Les enjeux de la mise en place des programmes de formation
La mise en place de programmes de formation soulève plusieurs questions juridiques. Tout d’abord, il convient de s’assurer que les formations proposées répondent aux critères légaux d’une action de formation. Selon l’article L6313-1 du Code du travail, une action de formation doit avoir pour objet de favoriser l’adaptation des travailleurs à leur poste de travail, de participer au développement de leurs compétences ou de permettre l’accès à différents niveaux de qualification professionnelle.
La question du temps de formation est également cruciale. Si la formation est suivie pendant le temps de travail, elle doit être rémunérée comme tel. En revanche, si elle a lieu hors temps de travail, des conditions spécifiques s’appliquent, notamment en termes de durée maximale et d’accord du salarié.
Un autre enjeu majeur concerne la sélection des bénéficiaires des formations. L’employeur doit veiller à respecter le principe de non-discrimination dans l’accès à la formation. Selon une étude de la DARES, en 2018, 50,9% des salariés ont suivi au moins une formation, mais des disparités persistent selon l’âge, le niveau de qualification ou la taille de l’entreprise.
La responsabilité de l’employeur dans la formation continue
L’employeur engage sa responsabilité à plusieurs niveaux dans la mise en œuvre des programmes de formation continue. Tout d’abord, il doit s’assurer de la qualité des formations dispensées. Depuis le 1er janvier 2022, les prestataires de formation doivent être certifiés Qualiopi pour bénéficier de financements publics ou mutualisés.
L’employeur doit également veiller à la sécurité des salariés pendant les formations, y compris lorsqu’elles sont dispensées par un organisme extérieur. La Cour de cassation a rappelé dans un arrêt du 12 octobre 2017 que l’obligation de sécurité de l’employeur s’étend aux périodes de formation.
Enfin, l’employeur s’expose à des sanctions s’il ne respecte pas ses obligations en matière de formation. Le défaut d’adaptation du salarié à l’évolution de son emploi peut être qualifié de manquement à l’obligation de formation et donner lieu à des dommages et intérêts. Dans un arrêt du 5 octobre 2016, la Cour de cassation a condamné un employeur à verser 30 000 euros de dommages et intérêts à un salarié pour manquement à son obligation de formation.
Les droits et obligations des salariés en matière de formation continue
Les salariés disposent de plusieurs dispositifs pour accéder à la formation continue. Le Compte Personnel de Formation (CPF) permet à chaque actif de cumuler des droits à la formation tout au long de sa carrière. En 2020, plus de 1,5 million de formations ont été financées via le CPF, selon la Caisse des Dépôts et Consignations.
Le Projet de Transition Professionnelle (PTP), qui remplace l’ancien CIF, permet aux salariés de suivre une formation certifiante en vue d’une reconversion.

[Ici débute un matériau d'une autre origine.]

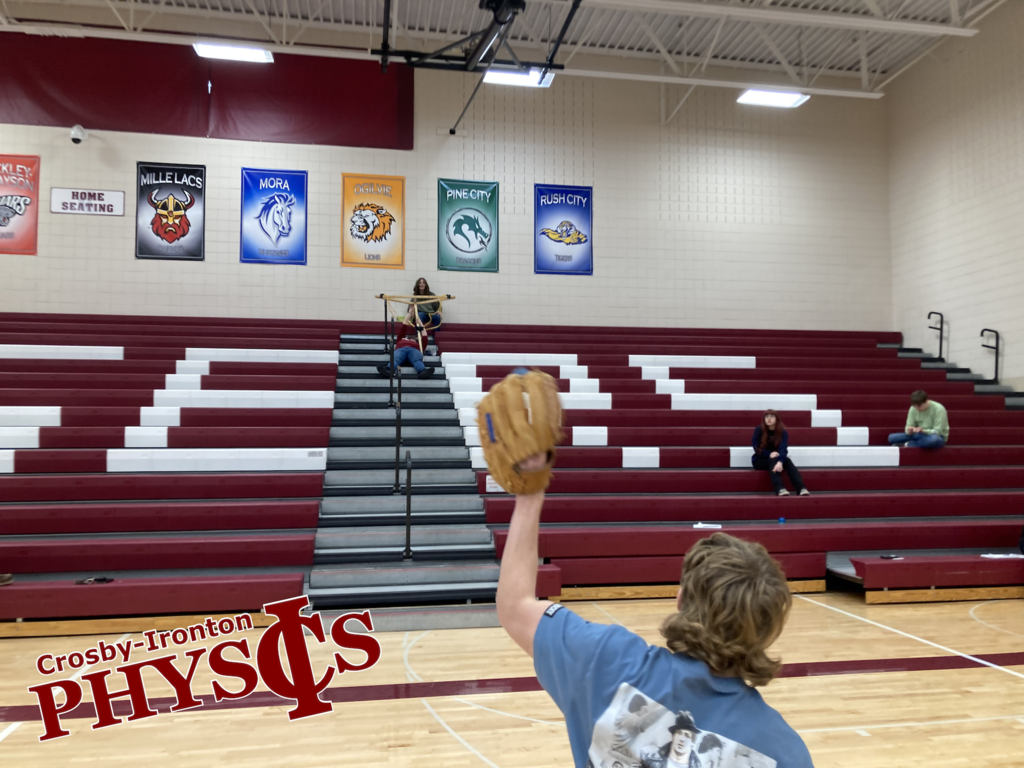 Student with a baseball glove ready to catch the ball thrown by slingshot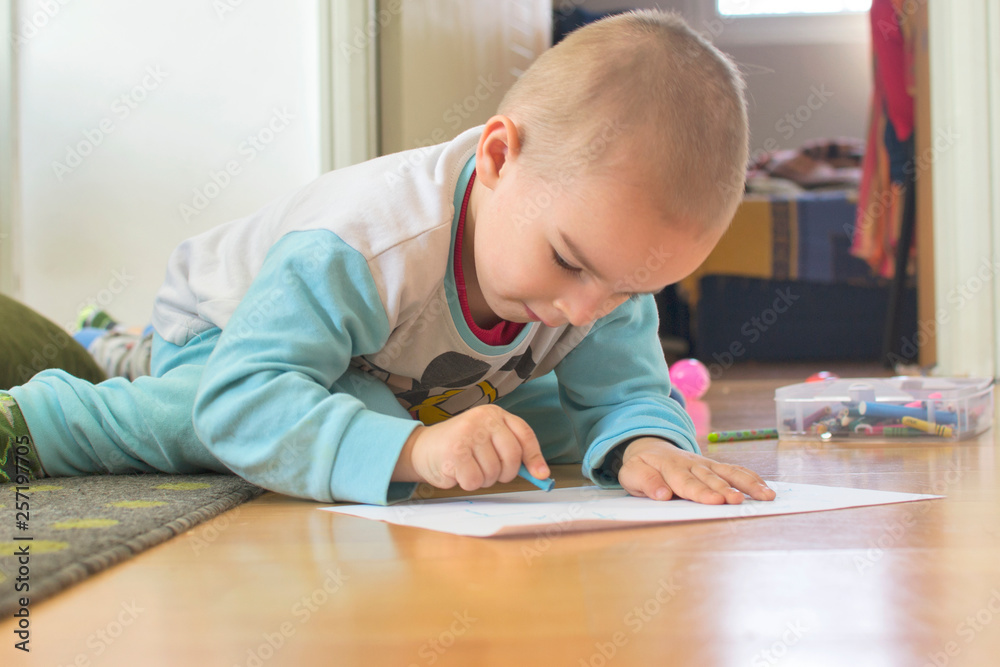Cute little kid boy drawing a story with colorful pens at home. Cute little kid boy drawing a story with colorful pens at home.
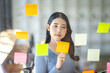 © David - Happy asian businesswoman planning new project with sticky note in a creative writing on blank office glass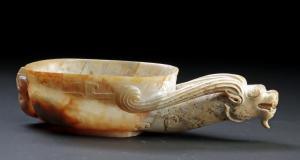 Chinese carved jade cup of elongated form, from the Warring States period, circa 475-to-221 BCE; a shallow, oval vessel worked from pale white jade. Museum-exhibited. Sold for $19,500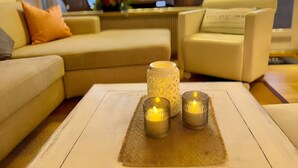 Una sala de estar con un sofá, sillones, una mesa de centro con velas y vista al mar.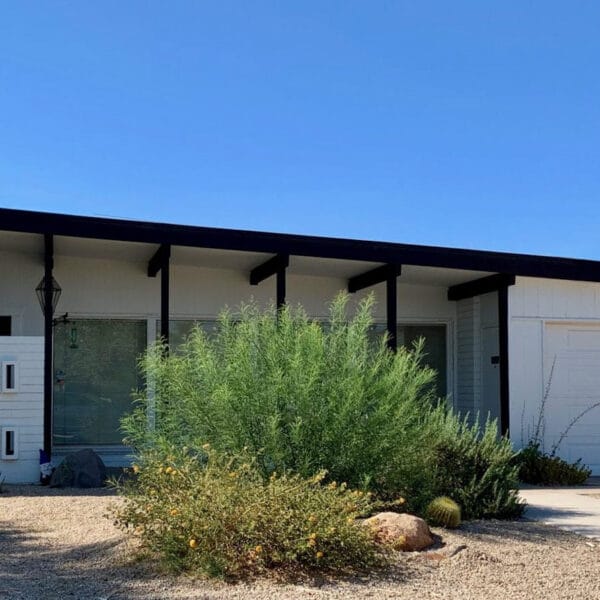 Charles and Arthur Schreiber mid-century modern home in Village Grove South Scottsdale with black beams, low roofline, decorative block details, garage, and desert landscaping.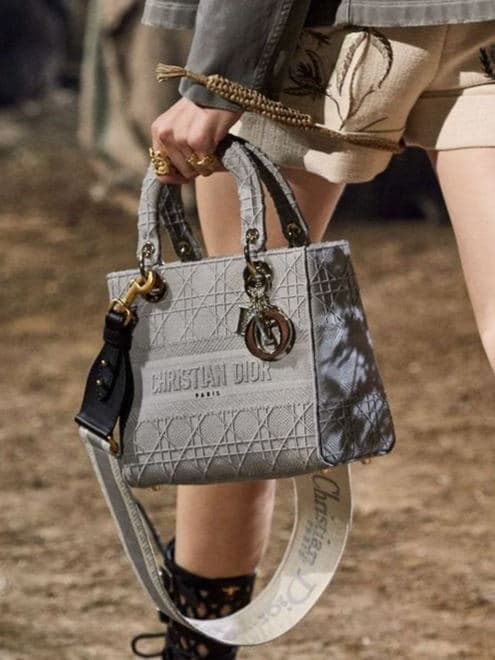 Grey patterned Lady Dior carried by hand with charms and a wide strap
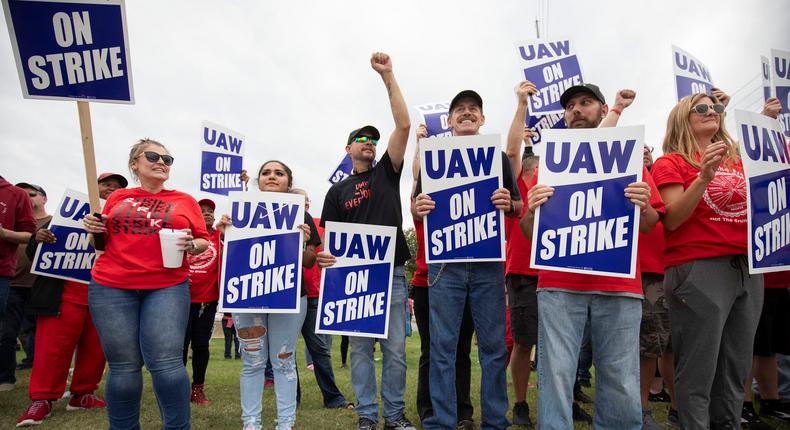 United Auto Workers members strike the General Motors Lansing Delta Assembly Plant on September 29.Bill Pugliano/Getty Images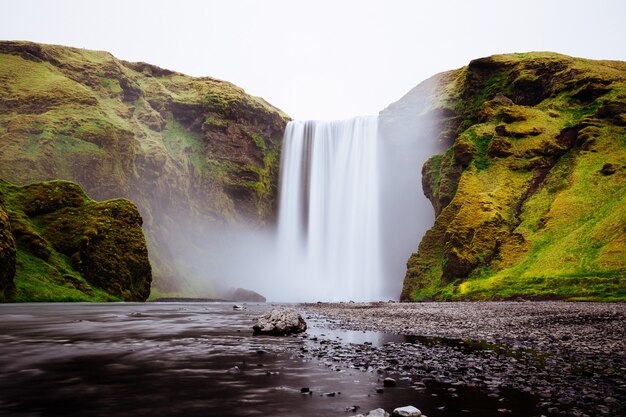 Schöner Wasserfall zwischen grünen Hügeln in Skogafoss, Island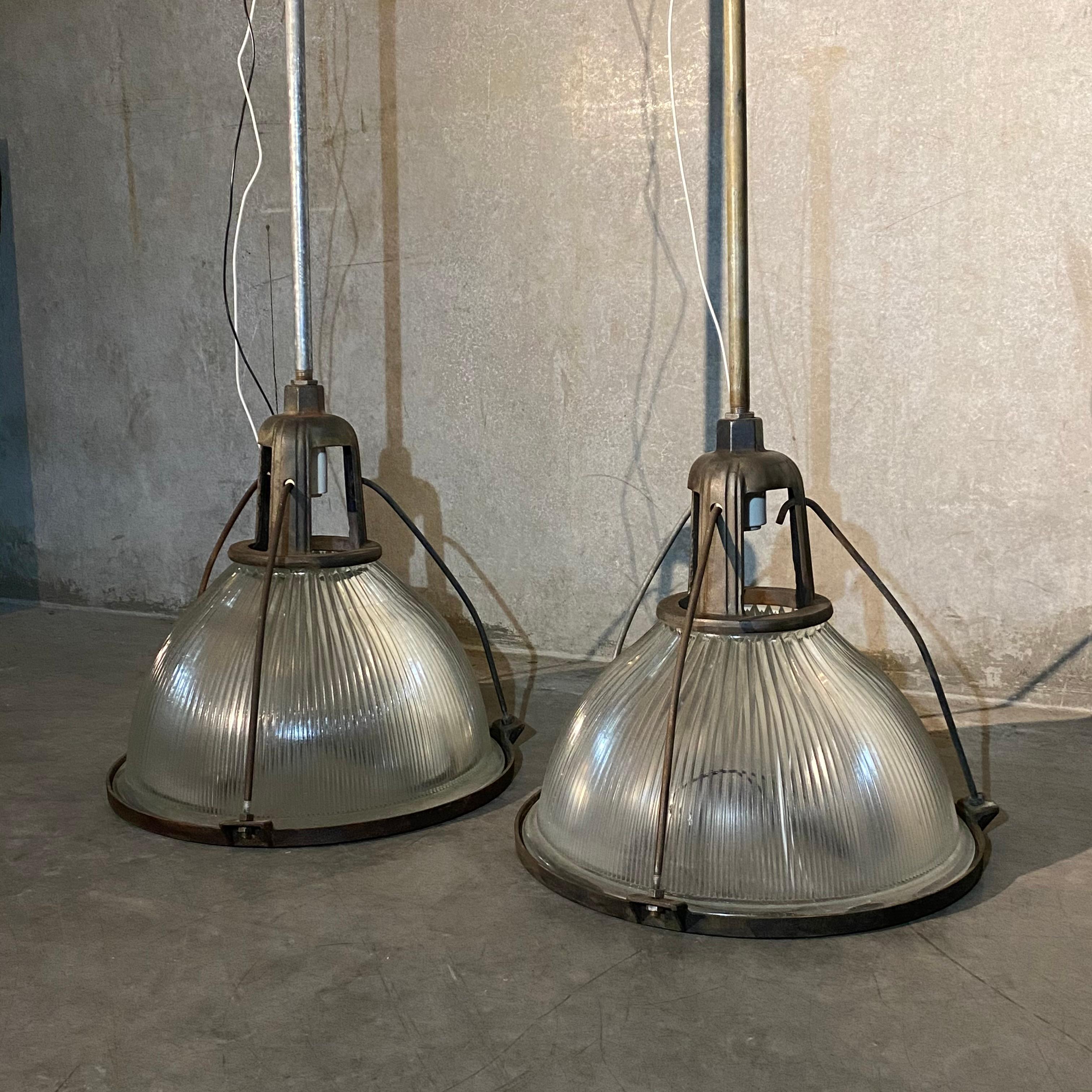 A rare group of three large Holophane lights with first generation cast fitters, ribbed and extra large glass, not many of these out there.

price per light ..

Rewired on pipe with ability to determine height easily.
Set up for easy install.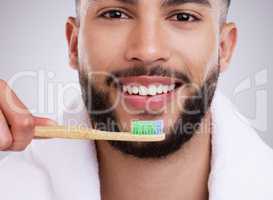 Remember to use circular motions. Shot of a handsome young man brushing his teeth against a studio background.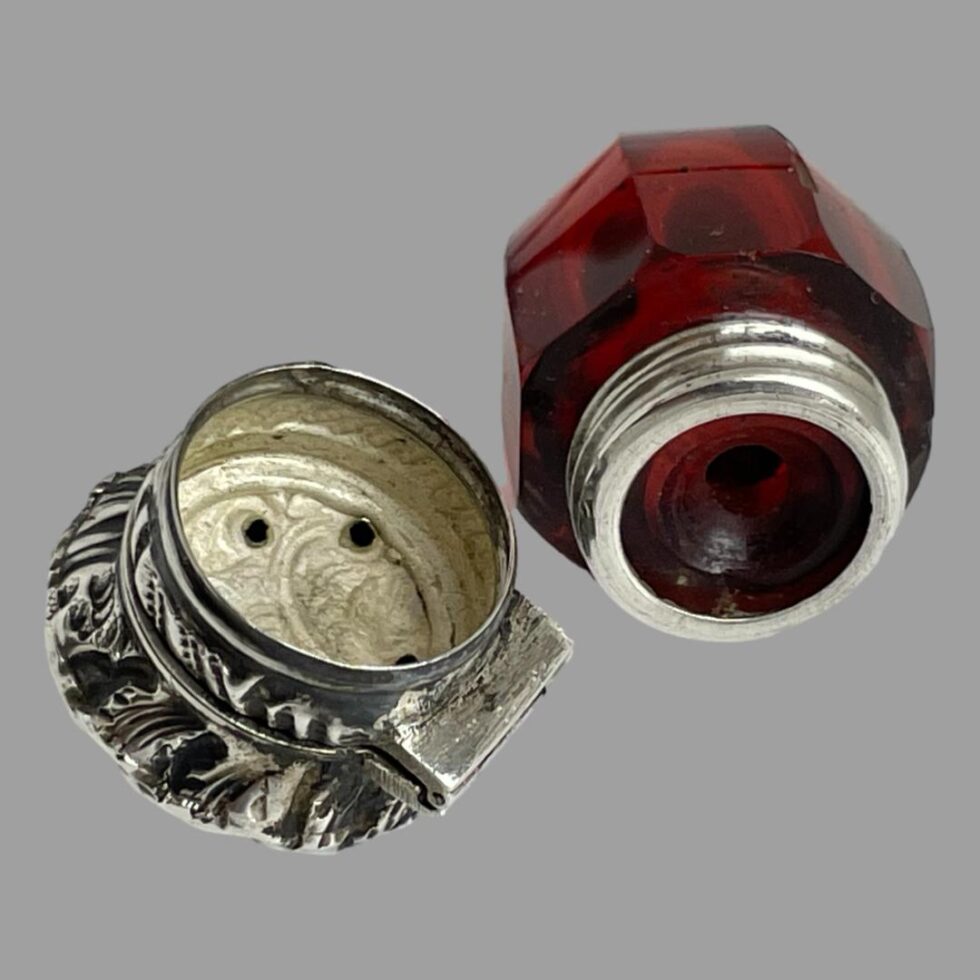 Photo of acorn shaped smelling salts bottle with the hole screw top removed .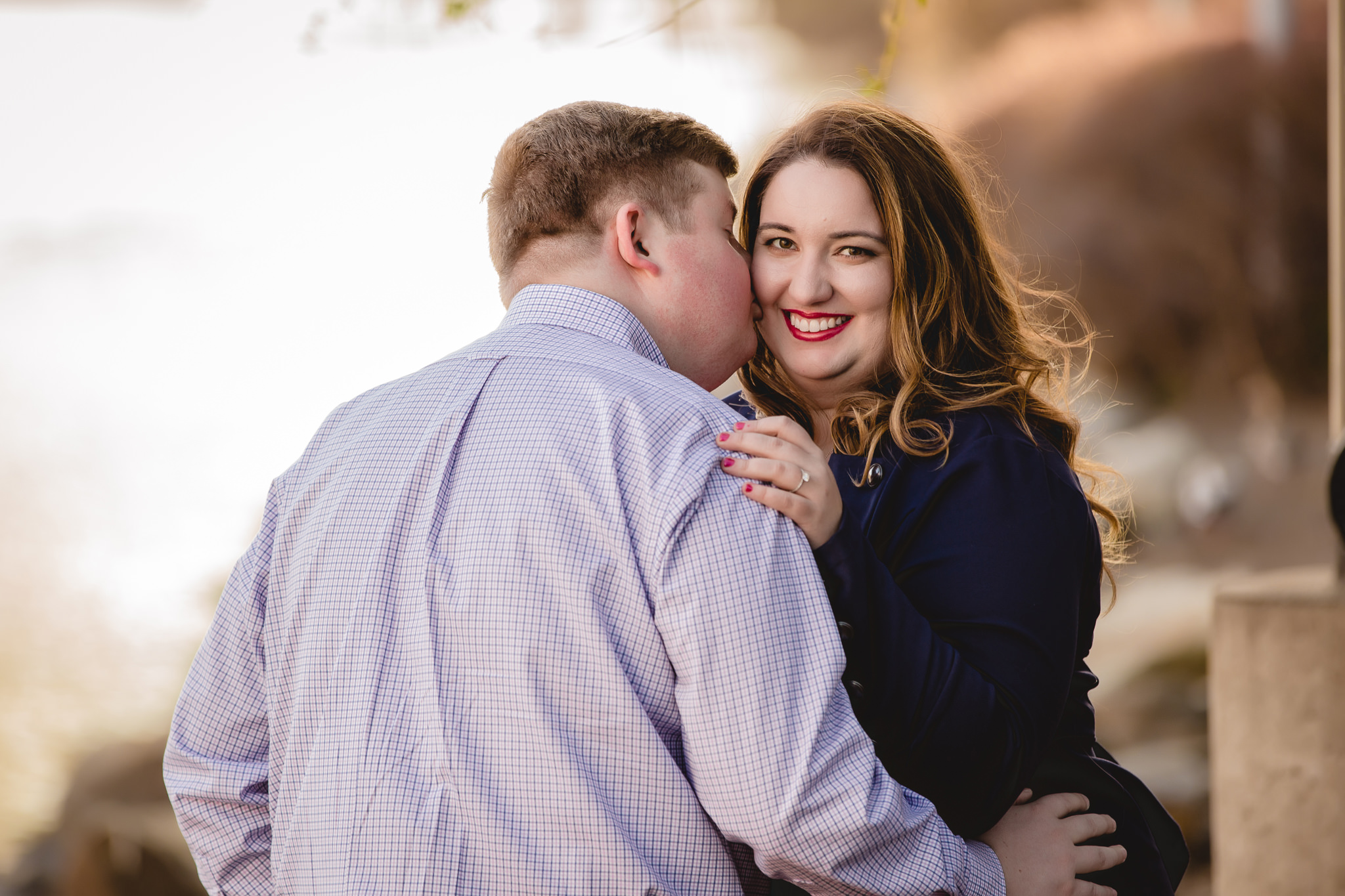 Groom-to-be kisses his fiance during a North Shore engagement session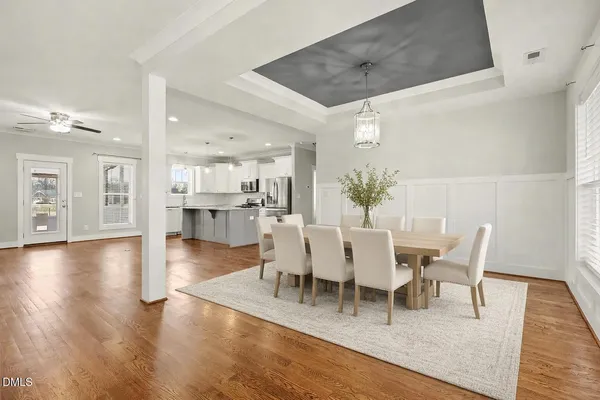 a view of kitchen with furniture and wooden floor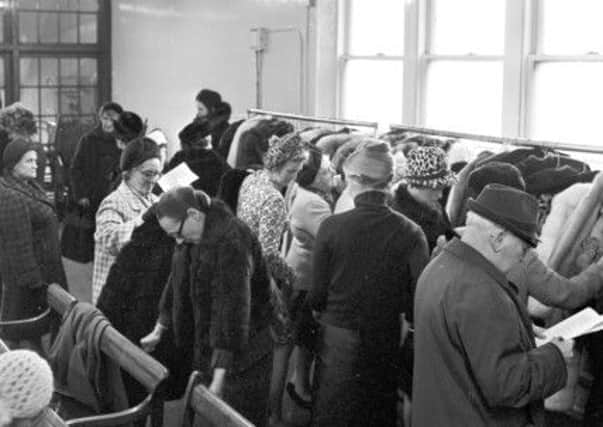 Edinburgh residents shop for fur coats in a city auction house. Picture: TSPL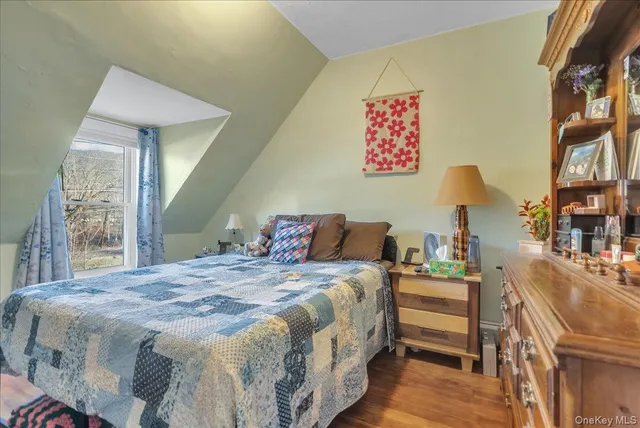 a bedroom with a bed and a lamp with the wooden floor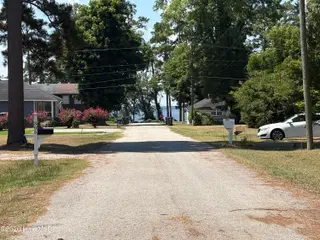 303 Dallas Avenue, Lake Waccamaw, NC 28450 — 3-bedroom home, Lake Waccamaw, NC, photo 4 of 40: Street View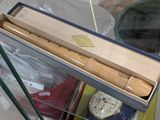 a box that has a knife in it and a clock in it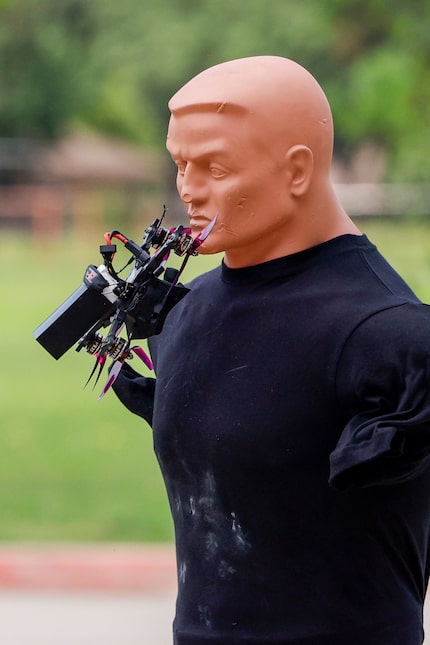 A Campus Guardian Angel drone crashes into a dummy during a demonstration at Lancaster...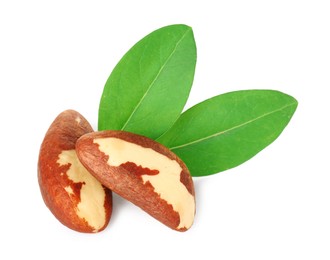 Photo of Tasty Brazil nuts with green leaves isolated on white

Ce dispositif est soumis à des conditions d’ancienneté et nécessite l’accord d’une commission paritaire.
Les salariés ont également des obligations en matière de formation. Ils doivent suivre les formations obligatoires liées à leur poste de travail, notamment en matière de sécurité. Le refus de participer à ces formations peut constituer une faute pouvant justifier un licenciement, comme l’a rappelé la Cour de cassation dans un arrêt du 3 mai 2018.
Les enjeux liés à la digitalisation de la formation
La digitalisation de la formation soulève de nouvelles questions juridiques. La formation à distance, qui s’est largement développée avec la crise sanitaire, pose des défis en termes de contrôle du temps de travail et de protection des données personnelles.
Le RGPD s’applique pleinement aux plateformes de formation en ligne. Les organismes de formation doivent donc veiller à la sécurité des données collectées et au respect des droits des apprenants (droit d’accès, de rectification, d’effacement, etc.).
La question de la propriété intellectuelle des contenus de formation est également centrale. Les supports de formation sont protégés par le droit d’auteur, et leur utilisation doit être encadrée par des contrats clairs entre l’entreprise, l’organisme de formation et les formateurs.
Perspectives et évolutions du cadre juridique de la formation continue
Le cadre juridique de la formation continue est en constante évolution. La loi du 2 août 2021 pour renforcer la prévention en santé au travail a introduit de nouvelles obligations de formation, notamment en matière de prévention des risques professionnels.
La reconnaissance des compétences acquises de manière informelle ou non formelle est un enjeu majeur pour l’avenir. La Validation des Acquis de l’Expérience (VAE) pourrait être amenée à évoluer pour mieux prendre en compte ces formes d’apprentissage.
Enfin, l’émergence de nouvelles formes de travail, comme le travail indépendant ou le portage salarial, pose la question de l’accès à la formation continue pour ces travailleurs. Des réflexions sont en cours pour adapter le système de formation professionnelle à ces nouvelles réalités du marché du travail.
Les enjeux juridiques des programmes de formation continue sont multiples et complexes. Ils touchent à la fois aux droits et obligations des employeurs et des salariés, à la qualité et à la sécurité des formations, ainsi qu’à des questions émergentes liées à la digitalisation et aux nouvelles formes de travail. Dans ce contexte, une veille juridique constante et une approche proactive de la gestion des compétences sont essentielles pour les entreprises souhaitant tirer pleinement parti des opportunités offertes par la formation continue tout en minimisant les risques juridiques.